[Dataset content — start]

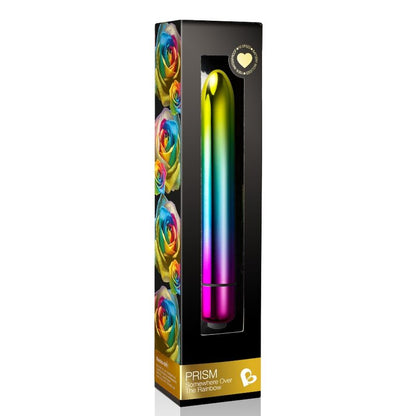ROCKS-OFF – VIBRIERENDE PRISMKUGEL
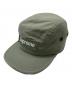Supreme（シュプリーム）の古着「Military Camp Cap(ミリタリ― キャンプ キャップ)」｜グリーン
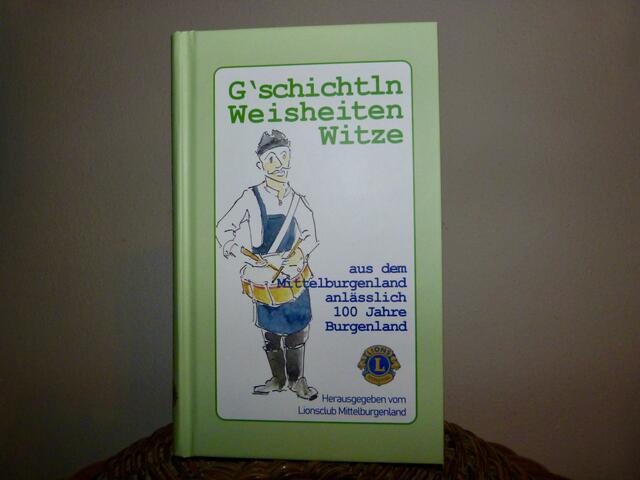 Das 150 Seiten umfassende Hardcover-Must-Have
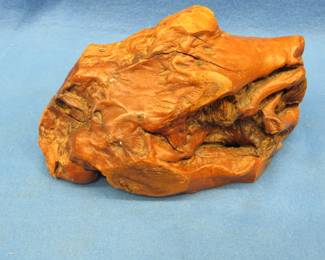 Lot 369. Over 2 lb. Manzanita burl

[Dataset content — finish]

* **Instructions for the task**
The data must come back word for word, with every picture removed.

* **Response to this task**
ROCKS-OFF – VIBRIERENDE PRISMKUGEL
Supreme（シュプリーム）の古着「Military Camp Cap(ミリタリ― キャンプ キャップ)」｜グリーン
 Das 150 Seiten umfassende Hardcover-Must-Have
 Lot 369. Over 2 lb. Manzanita burl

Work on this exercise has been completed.